Muchos han querido ver en Rusia un misterio. El alma rusa es indesvelable, oculta, envuelta en enigmas y, a la postre, todo esto hace de Rusia una realidad inexplicable. ¿No es este un lugar común que hemos escuchado en ocasiones? Pero, ¿en qué consiste el espíritu ruso? Esto ya se lo preguntaban los literatos occidentales una vez que las novelas de Dostoievski o de Tolstói irrumpieron en el panorama cultural europeo a finales del siglo XIX. El misterio perduraba bien entrado el siglo XX y era recibido con curiosidad en el Reino Unido, asombrados los escritores británicos de cómo el esfuerzo ruso por explicarse a sí mismos había iniciado una corriente de reflexión acerca del espíritu nacional propio de una manera que Dickens o Thackeray nunca se aventuraron a hacer en el pasado (o así lo entendía el biógrafo de H. G. Wells, Lovat Dickson). A Virginia Woolf le impresionaba la pasión con la que esos rusos afirmaban la existencia del alma rusa y a D. H. Lawrence casi le parecía de mala educación semejante obsesión. Pero la vaguedad de qué es eso del «alma rusa» seguía fascinando, sobre todo, por sus contradicciones: el ruso amaba la libertad y, al tiempo, sufría con paciencia infinita los más ásperos sufrimientos, provenientes, a menudo, de sus propios gobernantes.
La tesis es sencilla: Rusia sigue viviendo, mental y políticamente, como una provincia del Imperio Mongol. Cuando la Horda de Oro aparece en la vida de los eslavos, estos ya habían sido divididos en una multitud de principados enemistados y ya habían escogido el camino del cristianismo ortodoxo que rompió (incluso lingüísticamente) la relación con el mundo greco-judeo-católico. Deshecha la Horda, el principado de Moscú, anterior provincia o ulus del Imperio Mongol, se erigió en dominante e inició la invasión de los territorios circundantes para alejar el riesgo que presentaban los católicos del oeste y los musulmanes del sur.

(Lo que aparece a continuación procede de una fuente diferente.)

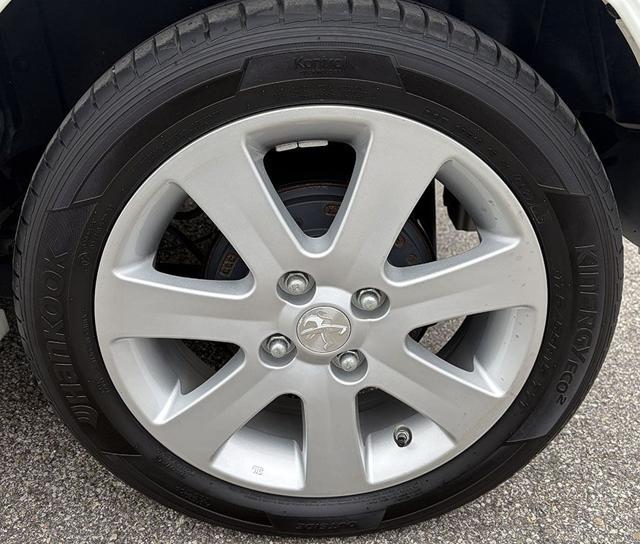 PEUGEOT iOn Active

En los momentos de apertura a occidente, Rusia ha visto aparecer otra alma, la de las ideas modernas, la de la autonomía personal, incluso la de la democracia, que siempre han planteado un peligro para ese pegamento imperial que ha unido histórica y territorialmente a Rusia. Una confrontación que se ha saldado en dos ocasiones, en febrero de 1917 y diciembre de 1991, con un regreso al poder centralizado y omnímodo.
En Rusia, mantiene Shishkin, desapareció la servidumbre y la sustituyó el servilismo, desapareció el Gran Kan y lo sustituyó el presidente electo, por ahora Vladimir Putin, en una forma de democracia en la que «las elecciones presidenciales dan a los súbditos la posibilidad de mostrar su adhesión». Así perdura la sumisión de la mayoría de los rusos a la idea imperial, patriótica y nacionalista que los encierra en el cinismo y la resignación. Desvelar el por qué de este «espíritu ruso» es a lo que está dedicado este libro de muy recomendable lectura.